Tea tonight was chips cooked in the air fryer and salad with one of those strange burgers that I bought a while ago, and it was actually quite nice.

But that’s got me thinking. I’ll have to send my spies out to look at the pavements at one of the bus stops at Yquelon. There’s a bus stop that’s not too far away from Noz and I’m wondering if I ought to have a go at going there on the bus some time to see if I could survive the journey.

Regular readers of this rubbish will recall that I’ve hit the jackpot on several occasion at Noz with the end-of-range stuff that they have, and I wonder if I ought to think about going again.

Friday 13th October 2023 – THAT WAS A …

… really good decision that I made for this morning.

As I have mentioned before … "and on many occasions too" – ed … I can no longer climb into the bus at the Port because there’s no pavement at the bus stop so I’m having to climb in from street level.

Consequently, if I want to go out (and I ought to go out at least once per week) I have to think again.

Right out on the edge of town off the beaten track is the quartier of St Nicolas.

It was formerly a village in its own right but was absorbed into Granville during the regrouping of communes some time ago, and so it has all of its own services which, to most people’s surprise, have remained intact.

There’s one of these typical small 1960s-type of shopping centres which is only 100 metres from a bus stop on the bus route that starts and finishes outside my front door. When I was out there on Monday, I checked the bus stops and to my delight, the pavements at both are raised to exactly the correct height.

There’s a chemists and a Post Office right next door to each other and then there’s the Carrefour supermarket.
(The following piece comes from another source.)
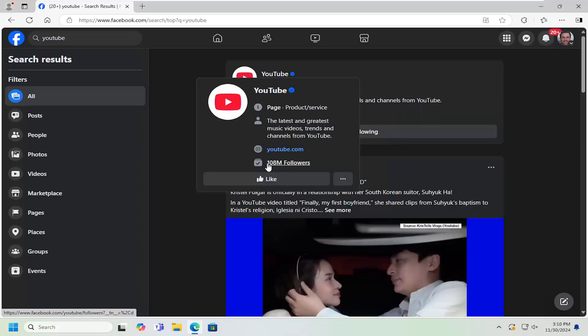And now the page should be unliked. And there would be an option here to like it again, meaning that you obviously are not liking the page presently.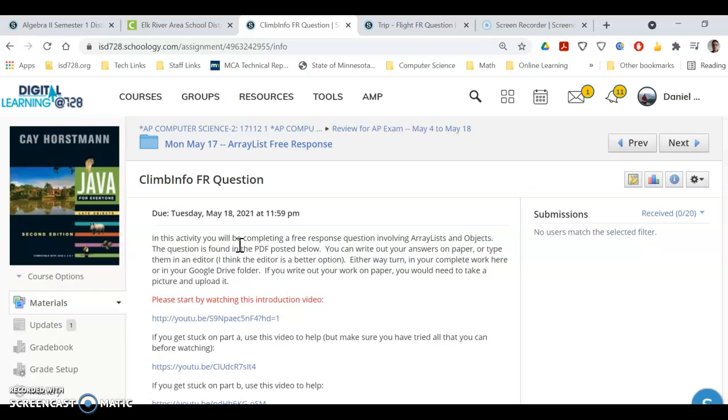Alright, just a quick intro to the ClimbInfo free response question. It's the same as always. You have the choice of writing it out on paper or typing it up in Eclipse. Again, if you type it up, know that stuff might not compile because they don't give you reference to all the code.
Much bigger than the one in town with a greater variety of produce.

There is a downside to it, in that the time between the bus dropping me off, completing its run, turning round and coming back is only 12 minutes, and that’s not enough.

However, that’s not a problem because there’s a bakery in the supermarket that bakes fresh bread and sells coffee. So I had a lovely rest with a nice hot coffee while I waited for the next bus.

There’s a lot going on there with a lot of people about and they all seem quite friendly too, so it was a really good idea to go there and I’ll be doing it more often.

Yesterday evening I’d psyched myself up for it by going to bed early but it made no difference because it took ages to go off to sleep. At least the night wasn’t as restless as some have been just recently.

When the alarm went off I was in the middle of a dream about someone who had quite a few cats. For some reason he’d locked them up into one particular room, gone away and left them. The cats succeeded in breaking down one of the things that he’d erected to block off the fireplace. By means of the chimney they were then able to move around the entire house. There was much more to it than that but that was all that I can remember when the alarm went off.

It’s been a while since we’ve had a dream about cats, hasn’t it?

After the medication I had to finish off the letters from yesterday and print off some paperwork to go with them, and then I hit the streets.

The bus was already here outside so I staggered on board and we set off for our journey. At St Nicolas I went to the Post Office to post the letters and then off to the supermarket for the shopping, followed by a nice hot coffee while I waited for the bus.

Climbing back on board was much easier, for which I was extremely grateful, and the climb back up the stairs seemed to be a little less difficult. In fact, I think that i’m moving about a little bit easier that I was before I set out. Mind you, that’s not saying too much because things have been difficult just recently.

For a very late breakfast I eschewed the cheese on toast and had some soup with the crusty bread that I had bought. It really was delicious, and I’ll have some more of that.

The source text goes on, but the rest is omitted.